Data claims to already be sorted

Post questions here relative to DataStage Enterprise/PX Edition for such areas as Parallel job design, Parallel datasets, BuildOps, Wrappers, etc.

Moderators: chulett, rschirm, roy

Post Reply
patelamit009
Participant
Posts: 20
Joined: Fri Jan 27, 2006 12:17 am

Data claims to already be sorted

Post by patelamit009 »

I have job as below.


DB2------>Aggegator------>Join Stage.......>Dataset

Keys in Aggregator are - Key1, Key2, Key3 and Key4

Key in Join Stage is - Key1

I am using Sort method to aggregate the data and hence Hash/Partition on the key columns is done on the input link of the Aggregator stage.

Now as the key used in join stage is only one (Key1), I am again doing Hash/Sort on Key1 in the input of join stage.

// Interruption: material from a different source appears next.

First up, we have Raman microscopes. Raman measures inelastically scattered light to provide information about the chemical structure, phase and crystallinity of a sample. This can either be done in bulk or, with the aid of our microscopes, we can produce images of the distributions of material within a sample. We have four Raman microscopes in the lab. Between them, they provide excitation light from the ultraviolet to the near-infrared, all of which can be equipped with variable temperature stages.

I am getting following warning in the director.

"When checking operator: Data claims to already be sorted on the specified keys the 'sorted' option can be used to confirm this. Data will be resorted as necessary. Performance may improve if this sort is removed from the flow"

When I remove the Hash/Sort in join stage link from aggregator and keep it as Same, its not throwing this warning.

I am confused with the concept of Hash/Sort.

As per my understanding as the keys are different we should againg partition the data on that key.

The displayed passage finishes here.